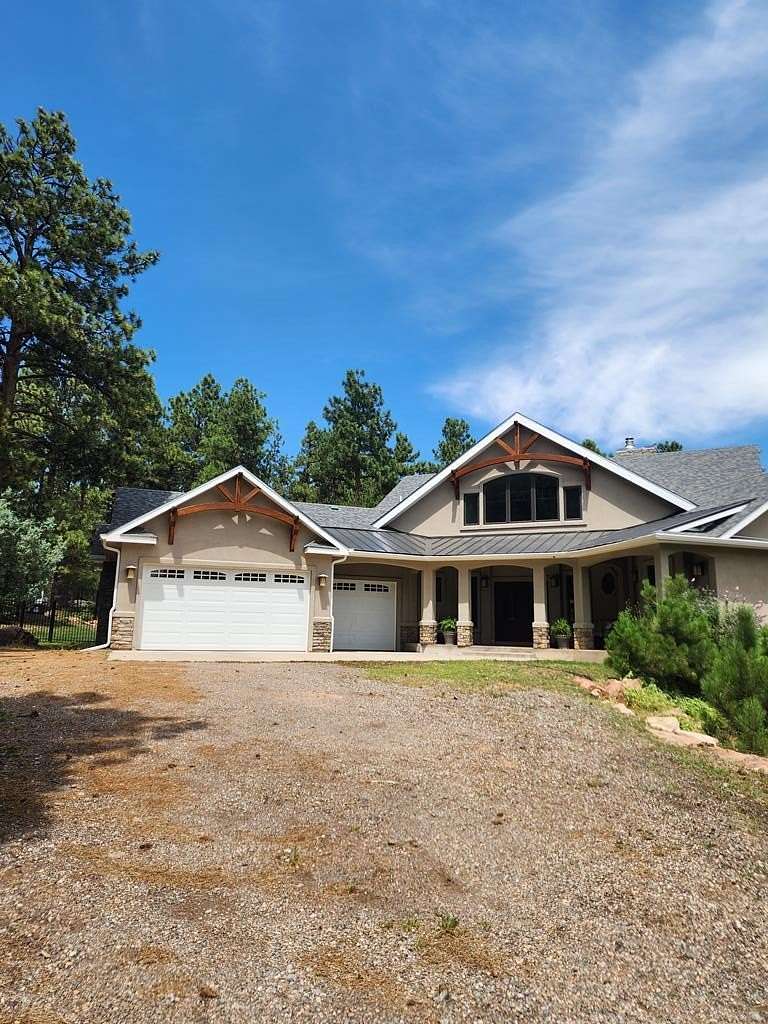 40.1 Acres of Recreational Land with Home for Sale in Beulah, Colorado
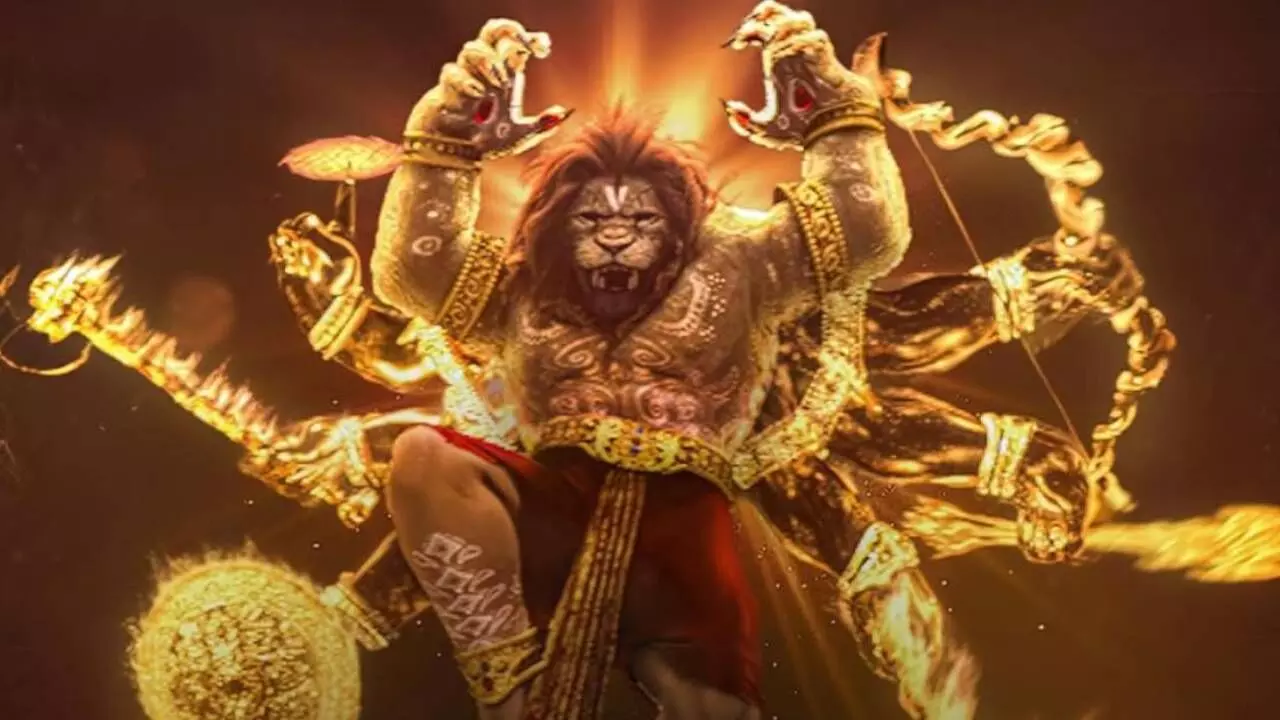 “Mahavatar Narsimha Rakes in Rs 8 Cr on Day 15, Tops Friday Box Office” “Mahavatar Narsimha Rakes in Rs 8 Cr on Day 15, Tops Friday Box Office”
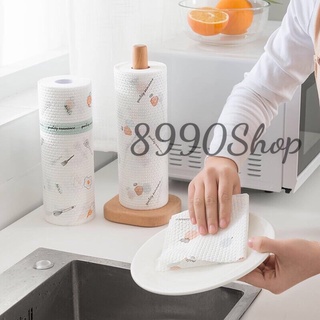 Combo 2 Cuộn Khăn Lau Đa Năng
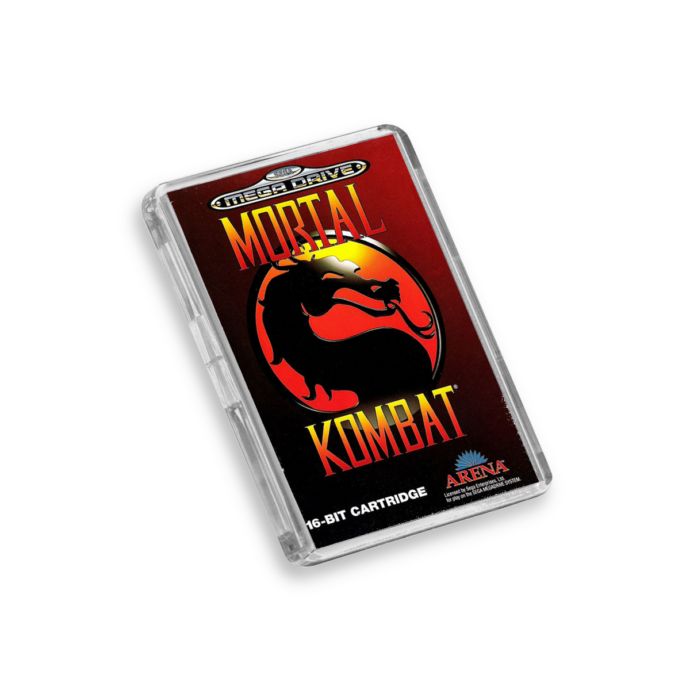 Mortal Kombat Mega Drive-Inspired Magnet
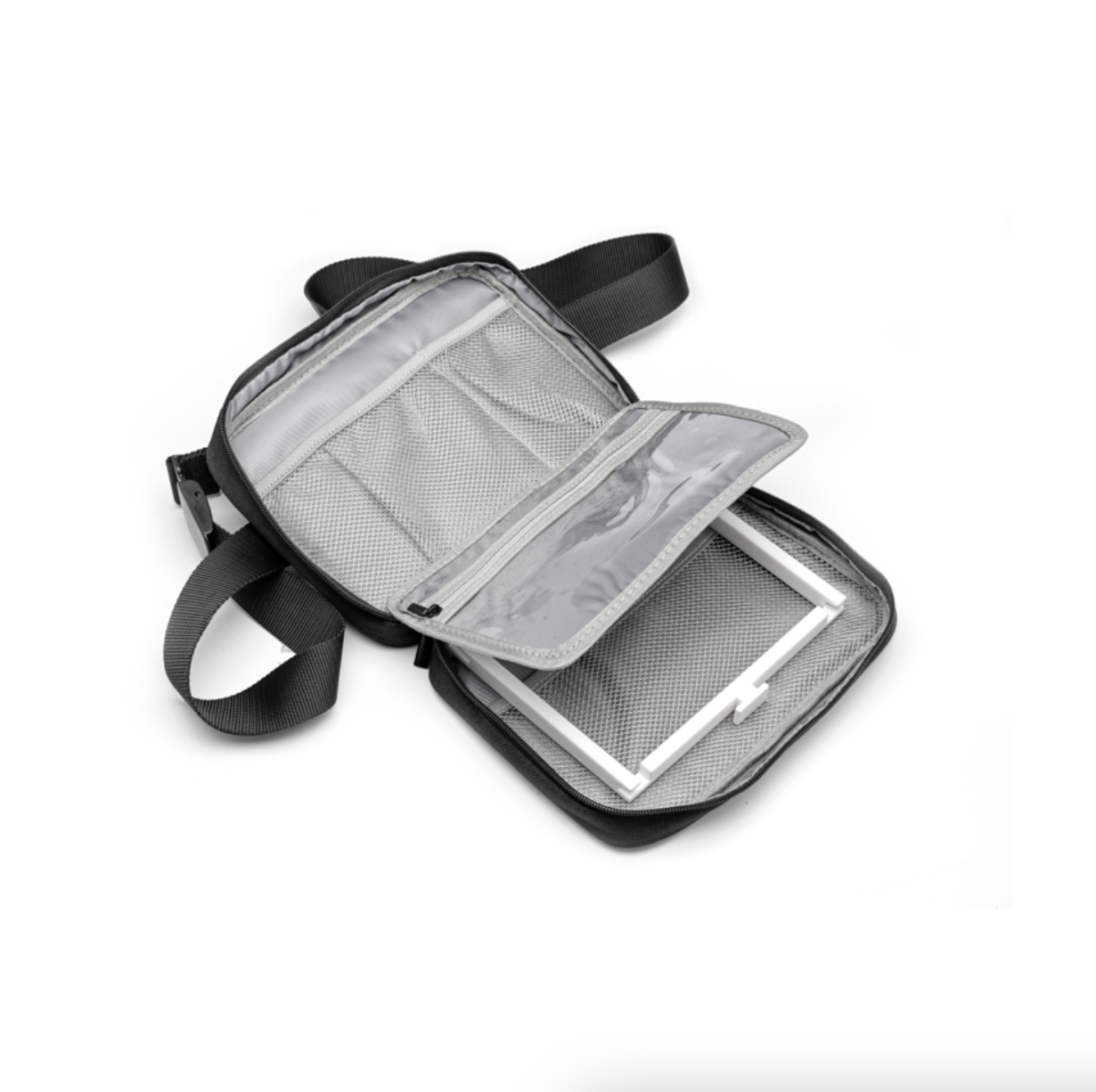 Change Frame + Carry case with belt & dry bag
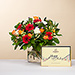 Bouquet du chef avec Godiva Chocolates Happy Birthday [01]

* INSTRUCTIONS TO FOLLOW
After locating the line that holds "Change Frame +", output exactly the lines from it through the last line of the material above, inclusive, without pictures.

* WRITTEN SOLUTION
 Change Frame + Carry case with belt & dry bag
 Bouquet du chef avec Godiva Chocolates Happy Birthday [01]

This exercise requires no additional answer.